**Problem to work on**
Look through the lines below and copy each one that includes "Omega".

(Extracted data entries)
╭──

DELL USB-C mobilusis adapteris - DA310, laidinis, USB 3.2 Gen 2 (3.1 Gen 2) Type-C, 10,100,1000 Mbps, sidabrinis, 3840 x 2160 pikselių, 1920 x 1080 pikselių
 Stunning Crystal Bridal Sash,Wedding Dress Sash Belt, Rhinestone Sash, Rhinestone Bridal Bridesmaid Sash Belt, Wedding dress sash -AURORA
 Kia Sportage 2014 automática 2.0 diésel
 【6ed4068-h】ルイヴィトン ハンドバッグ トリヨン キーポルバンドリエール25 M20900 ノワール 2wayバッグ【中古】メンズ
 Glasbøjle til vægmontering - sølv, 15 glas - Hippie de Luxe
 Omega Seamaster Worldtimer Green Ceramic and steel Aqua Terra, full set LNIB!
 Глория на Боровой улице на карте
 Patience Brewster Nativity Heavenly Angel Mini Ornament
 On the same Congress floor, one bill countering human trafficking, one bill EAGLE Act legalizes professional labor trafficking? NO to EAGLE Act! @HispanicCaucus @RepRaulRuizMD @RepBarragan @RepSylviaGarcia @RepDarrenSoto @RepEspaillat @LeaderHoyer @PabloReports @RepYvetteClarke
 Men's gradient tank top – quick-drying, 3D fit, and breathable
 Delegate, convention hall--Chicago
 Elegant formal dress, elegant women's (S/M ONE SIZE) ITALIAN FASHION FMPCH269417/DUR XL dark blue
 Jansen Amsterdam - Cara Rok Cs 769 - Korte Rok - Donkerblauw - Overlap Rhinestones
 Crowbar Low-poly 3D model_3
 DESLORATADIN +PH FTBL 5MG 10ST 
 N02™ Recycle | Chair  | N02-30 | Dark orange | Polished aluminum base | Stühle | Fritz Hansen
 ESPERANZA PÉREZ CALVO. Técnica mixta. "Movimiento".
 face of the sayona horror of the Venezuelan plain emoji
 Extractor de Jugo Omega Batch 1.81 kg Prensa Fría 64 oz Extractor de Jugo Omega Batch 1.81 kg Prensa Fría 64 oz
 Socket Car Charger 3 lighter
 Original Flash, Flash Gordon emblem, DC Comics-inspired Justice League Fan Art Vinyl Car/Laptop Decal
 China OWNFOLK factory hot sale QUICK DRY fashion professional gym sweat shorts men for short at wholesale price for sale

╰──

**Answer**
 Omega Seamaster Worldtimer Green Ceramic and steel Aqua Terra, full set LNIB!
 Extractor de Jugo Omega Batch 1.81 kg Prensa Fría 64 oz Extractor de Jugo Omega Batch 1.81 kg Prensa Fría 64 oz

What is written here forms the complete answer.